[<prev] [next>] [<thread-prev] [thread-next>] [day] [month] [year] [list]
Message-ID: <20200307030530.GB4093@t490s>
Date: Fri, 6 Mar 2020 22:05:30 -0500
From: Rafael Aquini <aquini@...hat.com>
To: Qian Cai <cai@....pw>
Cc: Linux Memory Management List <linux-mm@...ck.org>,
linux-kernel@...r.kernel.org, mgorman@...hsingularity.net,
akpm@...ux-foundation.org, mhocko@...e.com, vbabka@...e.cz
Subject: Re: [PATCH] mm, numa: fix bad pmd by atomically check for
pmd_trans_huge when marking page tables prot_numa
On Fri, Mar 06, 2020 at 09:40:10PM -0500, Qian Cai wrote:
>
>
> > On Feb 16, 2020, at 2:18 PM, Rafael Aquini <aquini@...hat.com> wrote:
> >
> > From: Mel Gorman <mgorman@...hsingularity.net>
> > A user reported a bug against a distribution kernel while running
> > a proprietary workload described as "memory intensive that is not
> > swapping" that is expected to apply to mainline kernels.
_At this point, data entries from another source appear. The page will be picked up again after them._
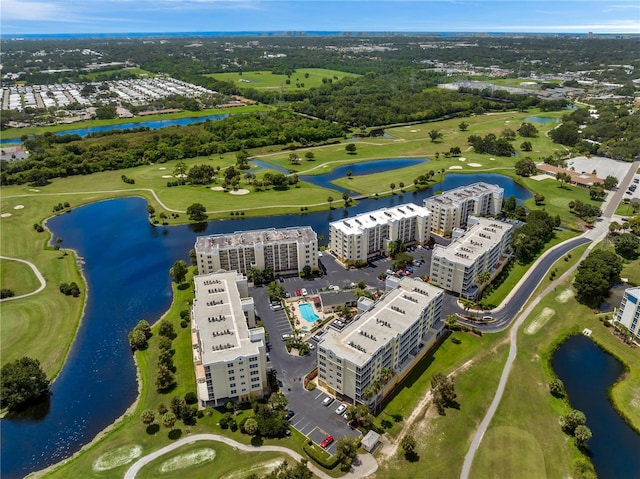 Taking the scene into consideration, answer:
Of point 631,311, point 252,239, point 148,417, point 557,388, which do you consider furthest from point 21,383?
point 631,311

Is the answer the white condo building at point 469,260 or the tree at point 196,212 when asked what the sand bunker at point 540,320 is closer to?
the white condo building at point 469,260

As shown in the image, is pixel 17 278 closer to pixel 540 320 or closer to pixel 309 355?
pixel 309 355

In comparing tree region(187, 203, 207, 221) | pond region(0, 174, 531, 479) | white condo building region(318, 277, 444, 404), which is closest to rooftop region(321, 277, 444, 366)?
white condo building region(318, 277, 444, 404)

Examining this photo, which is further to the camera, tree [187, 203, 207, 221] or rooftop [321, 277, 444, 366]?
tree [187, 203, 207, 221]

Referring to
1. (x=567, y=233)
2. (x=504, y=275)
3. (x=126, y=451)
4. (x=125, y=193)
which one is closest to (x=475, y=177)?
(x=567, y=233)

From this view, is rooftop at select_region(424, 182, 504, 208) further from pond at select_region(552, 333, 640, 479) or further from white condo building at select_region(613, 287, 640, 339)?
pond at select_region(552, 333, 640, 479)

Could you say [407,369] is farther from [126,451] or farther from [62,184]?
[62,184]

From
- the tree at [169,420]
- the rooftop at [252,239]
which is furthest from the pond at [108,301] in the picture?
the rooftop at [252,239] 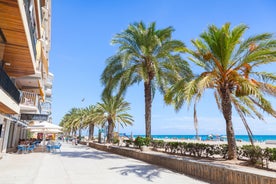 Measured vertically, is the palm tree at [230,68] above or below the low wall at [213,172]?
above

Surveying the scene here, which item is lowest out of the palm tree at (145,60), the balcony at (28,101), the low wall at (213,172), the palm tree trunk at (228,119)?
the low wall at (213,172)

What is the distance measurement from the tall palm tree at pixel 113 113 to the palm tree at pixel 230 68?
81.8ft

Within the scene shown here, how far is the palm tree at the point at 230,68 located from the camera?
10.5 m

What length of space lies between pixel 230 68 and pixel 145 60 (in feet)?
25.8

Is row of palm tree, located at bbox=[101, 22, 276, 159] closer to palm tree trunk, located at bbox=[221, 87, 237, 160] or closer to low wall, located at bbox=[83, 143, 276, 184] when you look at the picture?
palm tree trunk, located at bbox=[221, 87, 237, 160]

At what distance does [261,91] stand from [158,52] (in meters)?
9.17

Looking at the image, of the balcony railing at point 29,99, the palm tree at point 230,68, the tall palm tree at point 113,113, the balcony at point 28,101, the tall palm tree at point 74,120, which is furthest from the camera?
the tall palm tree at point 74,120

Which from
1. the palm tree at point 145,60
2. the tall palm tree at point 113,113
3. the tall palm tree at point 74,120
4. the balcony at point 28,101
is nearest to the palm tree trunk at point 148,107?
the palm tree at point 145,60

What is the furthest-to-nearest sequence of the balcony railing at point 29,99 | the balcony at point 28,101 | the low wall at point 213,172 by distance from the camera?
1. the balcony railing at point 29,99
2. the balcony at point 28,101
3. the low wall at point 213,172

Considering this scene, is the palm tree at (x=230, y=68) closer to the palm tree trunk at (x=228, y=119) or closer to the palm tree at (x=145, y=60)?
the palm tree trunk at (x=228, y=119)

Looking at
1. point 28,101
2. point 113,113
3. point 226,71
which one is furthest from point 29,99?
point 113,113

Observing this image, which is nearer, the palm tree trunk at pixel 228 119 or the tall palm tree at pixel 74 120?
the palm tree trunk at pixel 228 119

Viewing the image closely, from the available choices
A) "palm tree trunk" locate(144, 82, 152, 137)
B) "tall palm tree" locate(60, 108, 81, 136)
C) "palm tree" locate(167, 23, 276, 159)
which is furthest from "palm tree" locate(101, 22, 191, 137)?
"tall palm tree" locate(60, 108, 81, 136)

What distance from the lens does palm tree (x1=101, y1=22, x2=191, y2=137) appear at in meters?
17.4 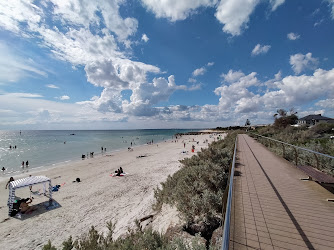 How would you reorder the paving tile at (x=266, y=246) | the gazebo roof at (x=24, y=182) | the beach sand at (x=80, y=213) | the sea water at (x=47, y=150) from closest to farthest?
the paving tile at (x=266, y=246) → the beach sand at (x=80, y=213) → the gazebo roof at (x=24, y=182) → the sea water at (x=47, y=150)

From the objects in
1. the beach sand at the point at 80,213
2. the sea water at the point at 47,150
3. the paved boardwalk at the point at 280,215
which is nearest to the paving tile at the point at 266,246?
the paved boardwalk at the point at 280,215

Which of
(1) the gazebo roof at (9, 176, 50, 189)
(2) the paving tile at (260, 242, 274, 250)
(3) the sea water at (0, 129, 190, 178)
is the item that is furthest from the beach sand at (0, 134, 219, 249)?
(3) the sea water at (0, 129, 190, 178)

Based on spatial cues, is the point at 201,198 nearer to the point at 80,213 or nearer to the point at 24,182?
the point at 80,213

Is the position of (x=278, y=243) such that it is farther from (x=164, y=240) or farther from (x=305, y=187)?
(x=305, y=187)

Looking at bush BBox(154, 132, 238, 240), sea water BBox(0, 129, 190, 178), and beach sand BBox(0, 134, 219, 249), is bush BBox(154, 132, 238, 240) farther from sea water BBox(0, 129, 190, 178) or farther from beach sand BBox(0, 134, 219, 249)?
sea water BBox(0, 129, 190, 178)

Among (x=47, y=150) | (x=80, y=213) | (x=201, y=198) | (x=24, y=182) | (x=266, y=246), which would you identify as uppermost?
(x=266, y=246)

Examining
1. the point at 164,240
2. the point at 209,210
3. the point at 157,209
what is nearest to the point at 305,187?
the point at 209,210

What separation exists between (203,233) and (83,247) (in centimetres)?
260

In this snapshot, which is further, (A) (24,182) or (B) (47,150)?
(B) (47,150)

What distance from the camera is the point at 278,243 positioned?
2.57 metres

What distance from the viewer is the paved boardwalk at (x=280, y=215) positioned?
8.64 ft

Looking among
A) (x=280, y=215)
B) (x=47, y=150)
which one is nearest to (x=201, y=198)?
(x=280, y=215)

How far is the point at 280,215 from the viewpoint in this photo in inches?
133

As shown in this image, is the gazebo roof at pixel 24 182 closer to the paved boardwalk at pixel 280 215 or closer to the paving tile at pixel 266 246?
the paved boardwalk at pixel 280 215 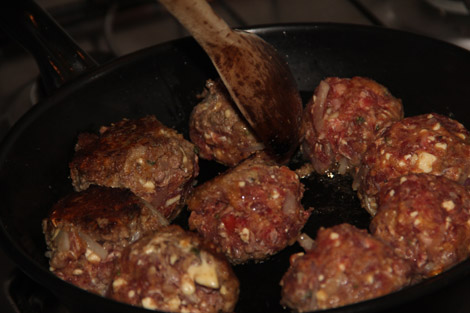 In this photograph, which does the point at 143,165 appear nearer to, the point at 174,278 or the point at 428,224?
the point at 174,278

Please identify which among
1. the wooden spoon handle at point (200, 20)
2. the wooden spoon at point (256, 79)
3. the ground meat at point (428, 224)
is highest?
the wooden spoon handle at point (200, 20)

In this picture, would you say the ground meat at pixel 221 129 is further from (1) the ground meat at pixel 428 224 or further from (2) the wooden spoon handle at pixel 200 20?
(1) the ground meat at pixel 428 224

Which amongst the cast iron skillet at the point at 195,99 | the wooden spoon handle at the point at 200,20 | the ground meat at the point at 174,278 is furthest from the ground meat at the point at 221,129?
the ground meat at the point at 174,278

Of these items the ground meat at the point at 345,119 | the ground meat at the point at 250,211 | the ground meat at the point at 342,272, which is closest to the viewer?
the ground meat at the point at 342,272

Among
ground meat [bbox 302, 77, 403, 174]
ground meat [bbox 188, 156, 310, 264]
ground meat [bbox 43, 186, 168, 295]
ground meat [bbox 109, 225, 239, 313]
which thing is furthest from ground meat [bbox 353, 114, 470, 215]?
ground meat [bbox 43, 186, 168, 295]

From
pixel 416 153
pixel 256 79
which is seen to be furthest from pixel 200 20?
pixel 416 153

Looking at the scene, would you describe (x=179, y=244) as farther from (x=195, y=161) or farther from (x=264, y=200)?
(x=195, y=161)
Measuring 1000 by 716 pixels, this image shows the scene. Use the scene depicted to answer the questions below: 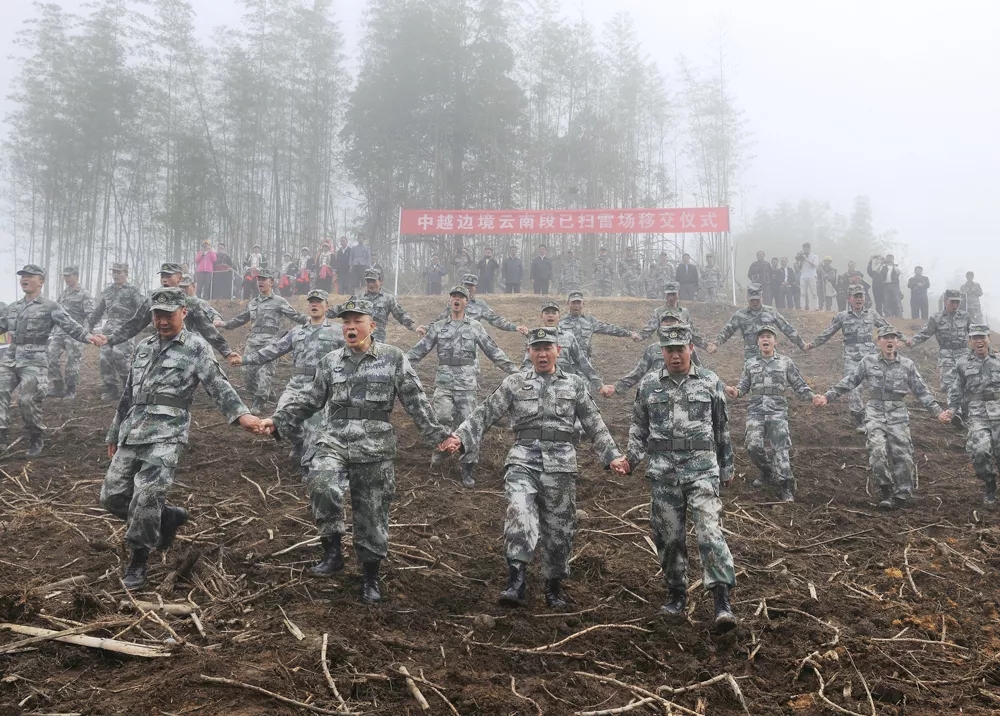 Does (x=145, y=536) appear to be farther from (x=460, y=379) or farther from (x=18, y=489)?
(x=460, y=379)

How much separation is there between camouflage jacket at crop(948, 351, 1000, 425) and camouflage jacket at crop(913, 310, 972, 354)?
3415mm

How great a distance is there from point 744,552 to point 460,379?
4410 mm

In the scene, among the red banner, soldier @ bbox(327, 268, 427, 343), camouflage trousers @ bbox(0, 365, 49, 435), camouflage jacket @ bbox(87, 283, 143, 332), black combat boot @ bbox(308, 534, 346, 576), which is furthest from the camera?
the red banner

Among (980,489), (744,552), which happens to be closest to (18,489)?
(744,552)

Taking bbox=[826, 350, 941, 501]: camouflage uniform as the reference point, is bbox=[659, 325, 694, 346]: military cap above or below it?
above

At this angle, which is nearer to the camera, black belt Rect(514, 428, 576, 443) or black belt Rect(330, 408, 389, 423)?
black belt Rect(330, 408, 389, 423)

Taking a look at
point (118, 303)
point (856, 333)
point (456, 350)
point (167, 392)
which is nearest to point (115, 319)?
point (118, 303)

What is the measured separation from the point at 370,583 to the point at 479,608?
84 cm

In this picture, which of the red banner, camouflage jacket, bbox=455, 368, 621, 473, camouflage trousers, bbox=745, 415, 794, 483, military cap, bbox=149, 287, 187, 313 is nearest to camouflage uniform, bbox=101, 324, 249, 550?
military cap, bbox=149, 287, 187, 313

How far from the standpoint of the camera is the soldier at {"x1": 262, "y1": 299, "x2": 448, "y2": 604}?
16.8 feet

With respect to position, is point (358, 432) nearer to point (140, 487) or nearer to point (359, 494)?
point (359, 494)

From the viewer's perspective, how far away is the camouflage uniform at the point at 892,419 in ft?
28.4

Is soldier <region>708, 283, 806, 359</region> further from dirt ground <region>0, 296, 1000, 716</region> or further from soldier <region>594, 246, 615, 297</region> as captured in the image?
soldier <region>594, 246, 615, 297</region>

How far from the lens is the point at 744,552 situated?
670 cm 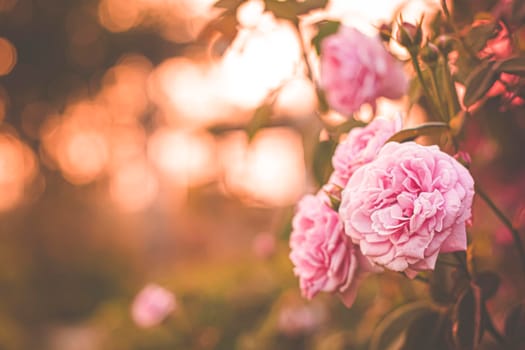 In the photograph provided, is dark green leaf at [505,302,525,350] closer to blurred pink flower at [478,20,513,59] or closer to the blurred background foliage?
the blurred background foliage

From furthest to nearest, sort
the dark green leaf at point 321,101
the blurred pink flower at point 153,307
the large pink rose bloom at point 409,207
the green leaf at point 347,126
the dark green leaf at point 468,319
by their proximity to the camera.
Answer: the blurred pink flower at point 153,307 → the dark green leaf at point 321,101 → the green leaf at point 347,126 → the dark green leaf at point 468,319 → the large pink rose bloom at point 409,207

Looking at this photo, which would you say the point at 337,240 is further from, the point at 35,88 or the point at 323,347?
the point at 35,88

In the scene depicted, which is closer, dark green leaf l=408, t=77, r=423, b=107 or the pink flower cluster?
the pink flower cluster

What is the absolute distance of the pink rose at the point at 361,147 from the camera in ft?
1.67

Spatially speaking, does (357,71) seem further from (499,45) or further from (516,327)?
(516,327)

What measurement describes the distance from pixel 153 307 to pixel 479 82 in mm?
752

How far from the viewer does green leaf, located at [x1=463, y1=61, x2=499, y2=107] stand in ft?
1.89

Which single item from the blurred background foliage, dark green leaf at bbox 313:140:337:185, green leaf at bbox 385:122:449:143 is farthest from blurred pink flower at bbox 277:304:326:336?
green leaf at bbox 385:122:449:143

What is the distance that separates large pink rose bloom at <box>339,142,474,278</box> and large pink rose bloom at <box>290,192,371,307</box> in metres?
0.06

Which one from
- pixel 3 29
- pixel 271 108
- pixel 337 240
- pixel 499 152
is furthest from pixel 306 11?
pixel 3 29

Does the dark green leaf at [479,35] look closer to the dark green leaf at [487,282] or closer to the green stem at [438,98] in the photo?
the green stem at [438,98]

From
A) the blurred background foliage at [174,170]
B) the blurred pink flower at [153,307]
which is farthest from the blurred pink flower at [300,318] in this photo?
the blurred pink flower at [153,307]

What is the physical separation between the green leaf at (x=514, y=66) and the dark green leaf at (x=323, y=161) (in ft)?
0.69

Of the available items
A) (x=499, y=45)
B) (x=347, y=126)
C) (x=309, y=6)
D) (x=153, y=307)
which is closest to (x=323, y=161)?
(x=347, y=126) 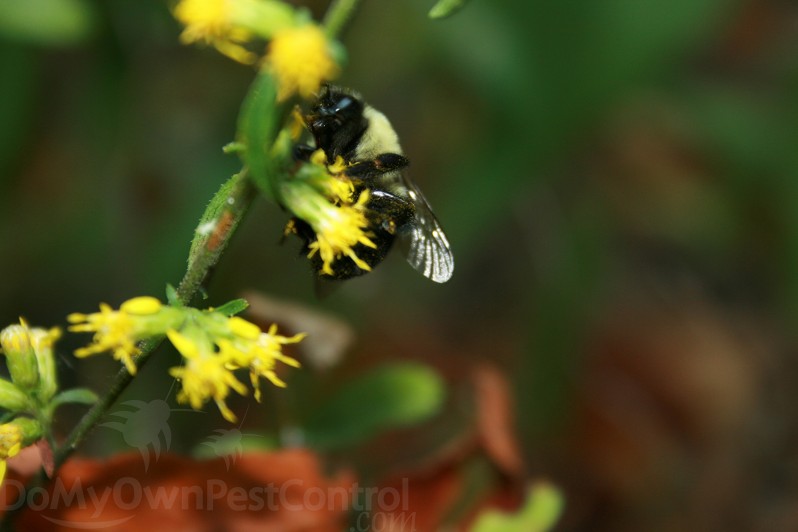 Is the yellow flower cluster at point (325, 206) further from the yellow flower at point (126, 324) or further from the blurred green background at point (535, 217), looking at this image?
the blurred green background at point (535, 217)

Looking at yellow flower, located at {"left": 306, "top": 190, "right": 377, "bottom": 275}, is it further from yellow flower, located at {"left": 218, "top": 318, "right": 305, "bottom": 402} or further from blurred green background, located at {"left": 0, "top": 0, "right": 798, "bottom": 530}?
blurred green background, located at {"left": 0, "top": 0, "right": 798, "bottom": 530}

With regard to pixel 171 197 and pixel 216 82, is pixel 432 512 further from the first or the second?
pixel 216 82

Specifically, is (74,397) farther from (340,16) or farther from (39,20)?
(39,20)

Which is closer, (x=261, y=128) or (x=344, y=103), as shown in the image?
(x=261, y=128)

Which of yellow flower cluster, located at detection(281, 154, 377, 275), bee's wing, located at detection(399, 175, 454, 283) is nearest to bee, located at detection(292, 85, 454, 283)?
bee's wing, located at detection(399, 175, 454, 283)

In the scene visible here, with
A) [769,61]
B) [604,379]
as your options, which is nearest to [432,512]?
[604,379]

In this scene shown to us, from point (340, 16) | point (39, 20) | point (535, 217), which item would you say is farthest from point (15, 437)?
point (535, 217) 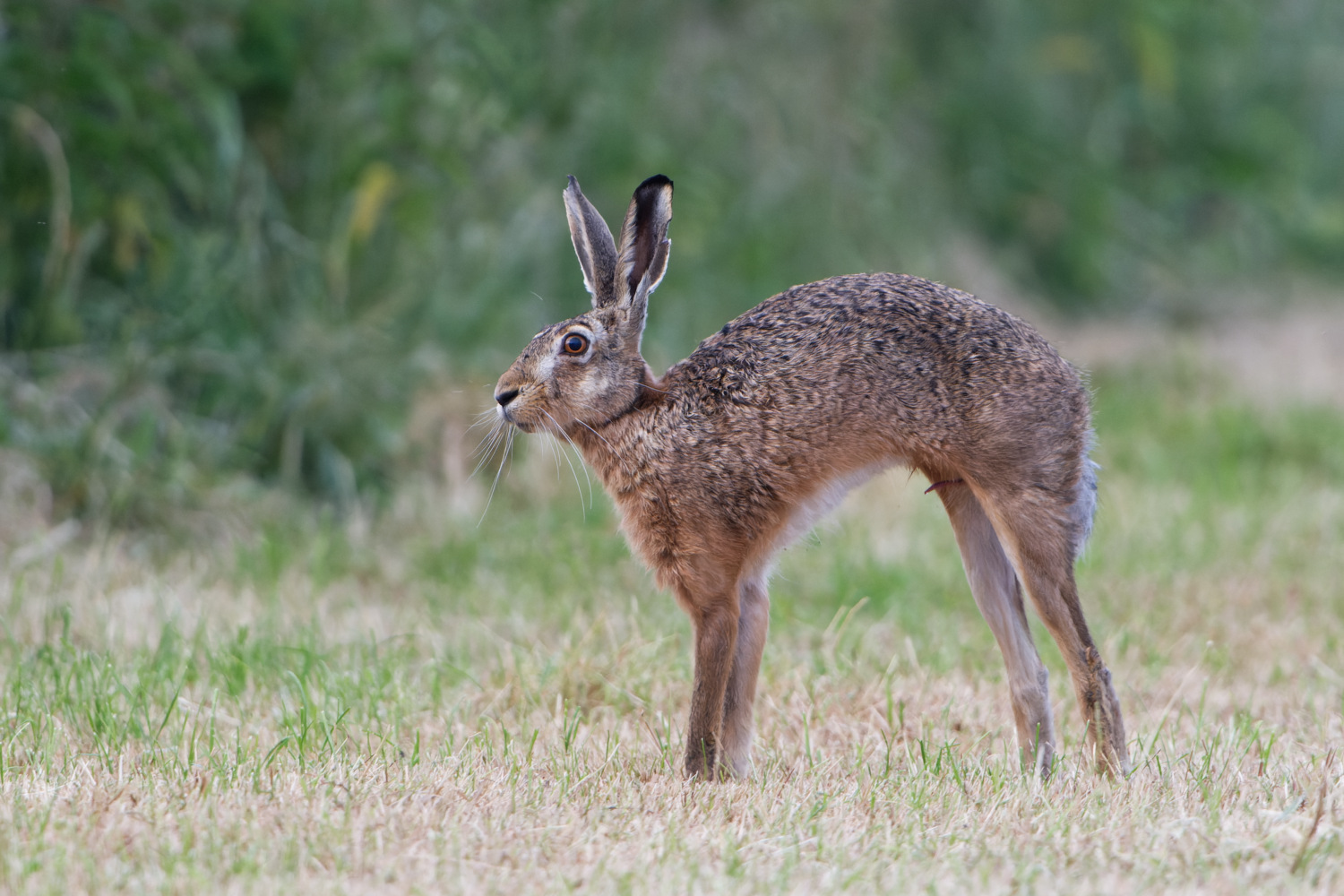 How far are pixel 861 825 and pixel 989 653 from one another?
2.00 meters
The workload
> > is read/write/modifying ranges of memory and checking the contents. They
> > reported that within a few hours that a bad PMD would be reported followed
> > by a memory corruption where expected data was all zeros. A partial report
> > of the bad PMD looked like
> >
> > [ 5195.338482] ../mm/pgtable-generic.c:33: bad pmd ffff8888157ba008(000002e0396009e2)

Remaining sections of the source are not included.